Zombie has staked his professional reputation on upending conventional wisdom -- such as the thinking that filmmakers can’t be rock stars and vice versa. Beginning this month and through to September, he’ll be traveling cross-country with Ozzy Osbourne’s Ozzfest rock festival, performing on its second stage, just as he did before the release of “House” during Ozzfest 2003. He will proselytize about “The Devil’s Rejects” directly from the concert stage and plans to play the movie’s trailer during his sets. But Zombie stops short of admitting that he is doing Ozzfest only to push the film.

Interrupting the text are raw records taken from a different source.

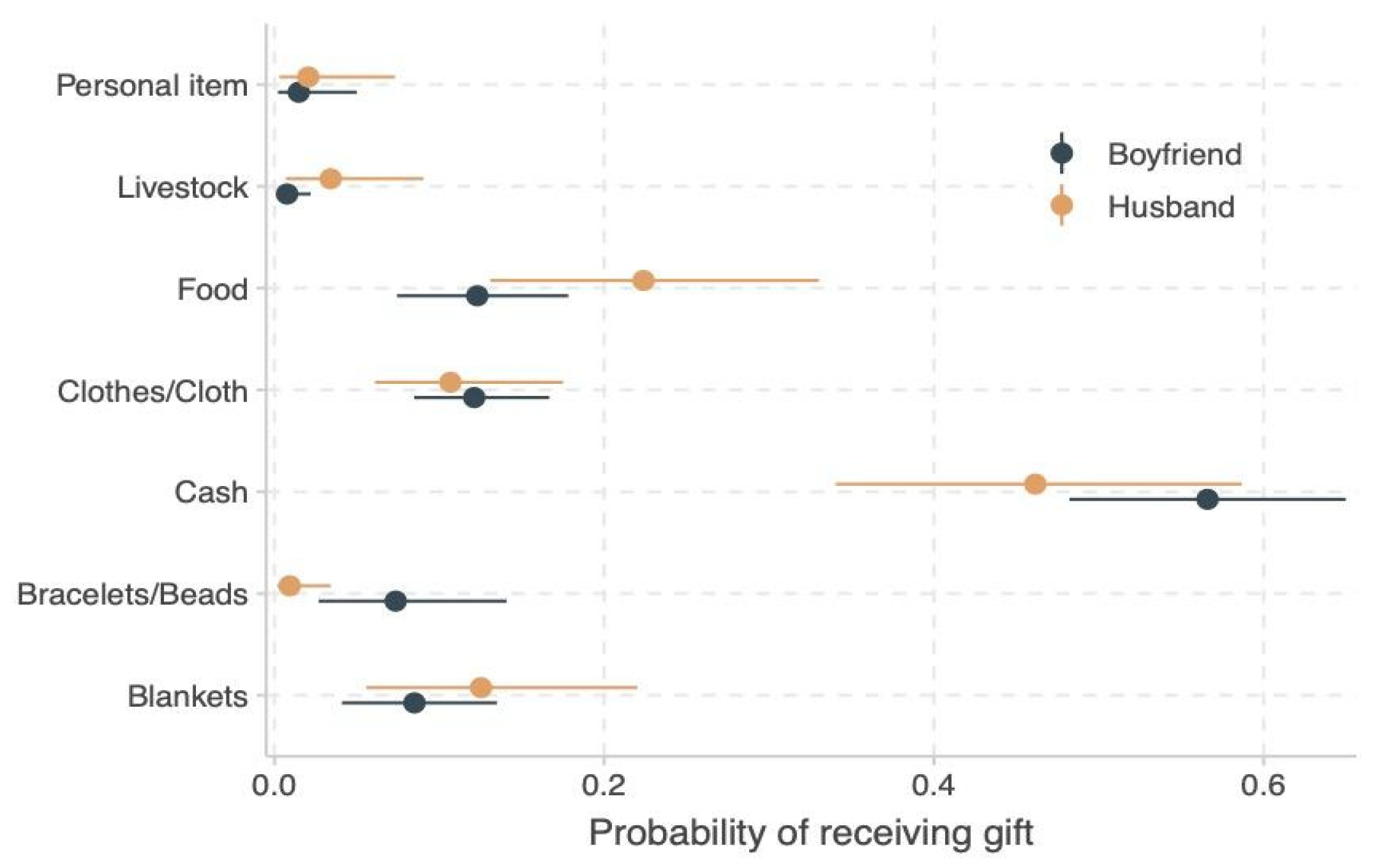 Socsci 10 00174 g007
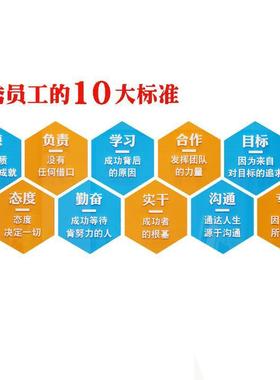 办公员室氛围置装饰工励4839优志标语公司进门形象墙励企化业布文
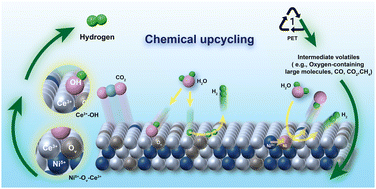 Graphical abstract: A dual-active NiO–Ce1−xNixO2 nanocomposite for catalytically upcycling PET into H2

“It’s a great promotional tool that you wouldn’t ordinarily have,” he says. “It’s good for the movie because we’re going to be in a different city every day. The same person that typically buys my records is the type of person who would go see movies like that. It’s a perfect match.”

His efforts paid off for “House.” Though generally mauled by critics, the film has attained certified cult status among hard-core horror enthusiasts -- it did a respectable $12 million in its theatrical run and has gone on to sell a million DVDs.

This time, Ozzfest is just one facet of the multi-pronged media assault the 40-year-old director, whose driver’s license lists his name as “Robert Wolfgang Zombie,” is launching to get out word about his film, which opens Friday.

In addition to music, he’s using comic books (a “Devil’s Rejects” graphic novel is being put out this summer), the radio (Zombie hosts a weekly show on L.A.’s Indie 103.1 FM) and a weblog (lionsgatedirectors.com/zombie), a Web diary on which he has been posting news about the movie since last year.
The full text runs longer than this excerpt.